Unless I have given up looking for the holy and am happy just to be hiding out in my wine press.

godwithusYears ago I was in a mentoring relationship with a beautiful young woman who had experienced great pain in her life.  She loved Jesus.  She yearned for his presence in her life.  But she was in such fear and pain that she believed the only way that she could support herself was by working as a stripper at a “gentleman’s club.”  I went to the city where she lived and we visited for a couple of days, during which time I tried to convince her that she had other gifts and skills and that God would make a way for her.  She replied that God had given her this body and there was nothing wrong with what she was doing and my problem was that I was too uptight.

One afternoon as she was heading out the door, I gave her a pad of paper and I said, “Do me a favor and write the address of the club where you work.”  She jotted it down and said, “OK.  Why?”

I folded the paper and put it in my pocket.  “You’ve convinced me,” I said.  “You’re right.  Nothing wrong with what you’re doing.  And I’ve decided that I don’t want to hang around here all evening by myself, so I thought I’d stop down to the club for a snack and a drink.  I’ll see you in a bit.”

She got a panicked look on her face.  “Oh, please, Dave.  No.  Don’t come.”

“Why?  It’s all about beauty and grace and celebrating God’s gifts, isn’t it?  I’m ready to accept your view of reality.”

“No…Dave, please.  I don’t want you to see me like this.  I don’t want you to see me there.  I can’t take you to that place.”

And I simply said, “I don’t see why my presence would create a problem.  After all, you take Jesus there every night.”

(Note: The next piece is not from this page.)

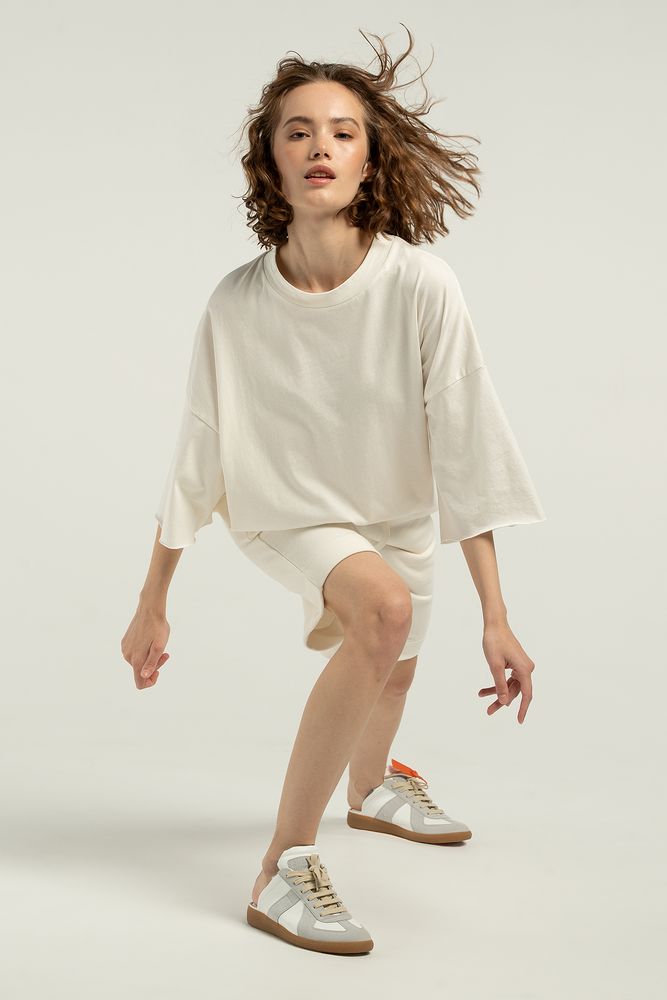 картинка Футболка унисекс T1, молочно-белая от магазина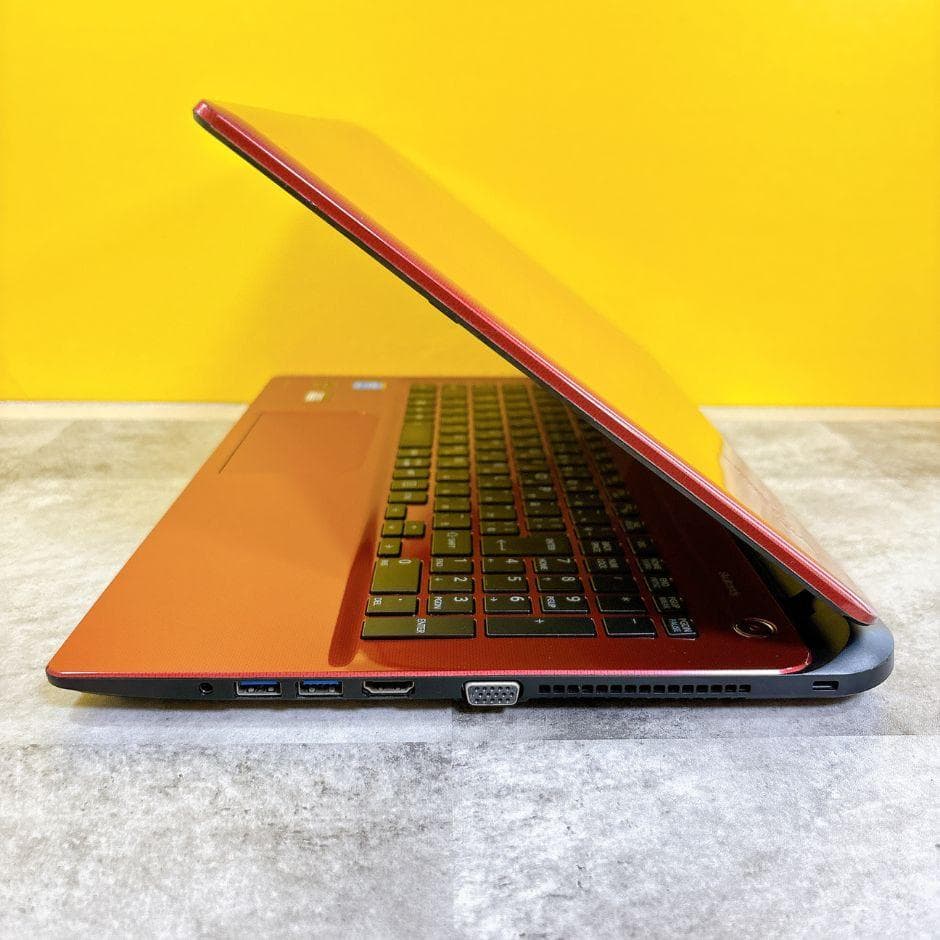 ｉ5✨新品SSDで快適✨人気の赤❣カメラ付きノートパソコン 薄型 仕事や趣味に♪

You see – the presence of God can be terrifying and unsettling if we discover that we are in a place that is outside of God’s best.  The reality of the presence of God as described in this morning’s reading, along with the other dozen verses that you’ve memorized, is that such a presence can and should prompt a change in behavior or outlook.  My young friend, for instance, realized that the presence of God everywhere meant that she needed to leave the exotic dancing profession.

How can you take advantage of your neighbor if God is there with you and the neighbor?  How do you continue to tease and mock and bully someone at school if God is sitting between the two of you?  How can we demonize those with whom we disagree if God is a part of the conversation?

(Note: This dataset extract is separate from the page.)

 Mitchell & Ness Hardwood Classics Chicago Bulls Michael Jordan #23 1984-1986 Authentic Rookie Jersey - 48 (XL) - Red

You see, if I am sitting in the wrong place, or doing the wrong thing, or looking in the wrong direction for hope or contentment or love, well then I may be uncomfortable when the true source of hope and contentment and love shows up and I continue to look elsewhere for those things.

But if I can believe in that presence…If I can trust that God does provide those things, and more, to those who follow…then maybe – just maybe I can change.  I can grow. I can be released from fear.

Beloved, God is trying to convince you of something this morning.  What is it?  What if it is true? How would your life be different this morning if you knew that God was with you?  How could your life be different?  How should it be different?

Nobody here, to my knowledge, has actually spent much time threshing wheat in a winepress.  But plenty of us know something about holding back and hiding out.  Plenty of us know something about an inability to believe that maybe, just maybe, this God is who he says He is – or, more importantly, we find it hard to accept the fact that he is where he says he is.

One of my supreme joys as your pastor is to invite you to consider the glorious truth that God is with us. With you. Here.  Now.  There.  Then.  Thanks be to God!  Amen.